Ainda assim, findo esse prazo, as empresas interessadas podem agora candidatar-se a licenças de mineração, ainda que provisórias por agora, e a ISA terá já emitido cerca de 30 licenças apenas para prospeção.
A razão de tanto alvoroço em torno da mineração em mar profundo
A mineração em mar profundo define-se como uma atividade de extração de depósitos minerais incrustados no leito marinho a profundidades superiores a 200 metros, uma área que cobre dois terços do leito marinho a nível global.
De acordo com a União Internacional para a Conservação da Natureza (UICN), diz a Ciência que a exploração mineral no fundo do mar “pode prejudicar seriamente a biodiversidade e os ecossistemas marinhos”. No entanto, existe ainda pouco conhecimento sobre os impactos e sobre quais as melhores medidas de proteção a implementar.
Apesar disso, “existe um interesse crescente pelos depósitos minerais oceânicos”, diz a UICN, algo que em muito se deve à redução dos depósitos de minerais, como o níquel, o cobre, o alumínio ou o lítio, em terra.
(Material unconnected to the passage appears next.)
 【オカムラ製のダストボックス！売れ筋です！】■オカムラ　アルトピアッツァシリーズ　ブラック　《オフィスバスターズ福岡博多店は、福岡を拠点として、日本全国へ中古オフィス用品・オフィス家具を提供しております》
Além disso, a procura é cada vez maior porque muitos desses metais são usados para produzir smartphones, turbinas eólicas, painéis solares e baterias, peças apontadas fundamentais para a transição de economias dependentes de combustíveis fósseis para economias alicerçadas em energias consideradas ‘limpas’.
Num relatório de 2020, a WWF defende que os benefícios a curto-prazo que possam advir a mineração em mar profundo são “altamente incertos” e que não devem ser considerados como uma resposta adequada às “mudanças estruturais que precisamos” para descarbonizar as nossas sociedades.
Ana Colaço, investigadora do Instituto de Ciências Marinhas – Okeanos, da Universidade dos Açores, já havia explicado à ‘Green Savers’ que os habitats profundos “têm uma função importantíssima, porque servem de refúgio a larvas e juvenis de peixes ou outros organismos” e podem também ser usados como “berçários” onde alguns animais depositam os seus ovos até “poderem crescer e enfrentar a vida”. Além disso, essas zonas dos oceanos são também importantes locais de alimentação e de abrigo para adultos de várias espécies marinhas.
A juntar a tudo isso, “muitos dos ecossistemas de profundidade são responsáveis pela reciclagem dos nutrientes, que são importantíssimos para as zonas mais superficiais”, como para a fotossíntese.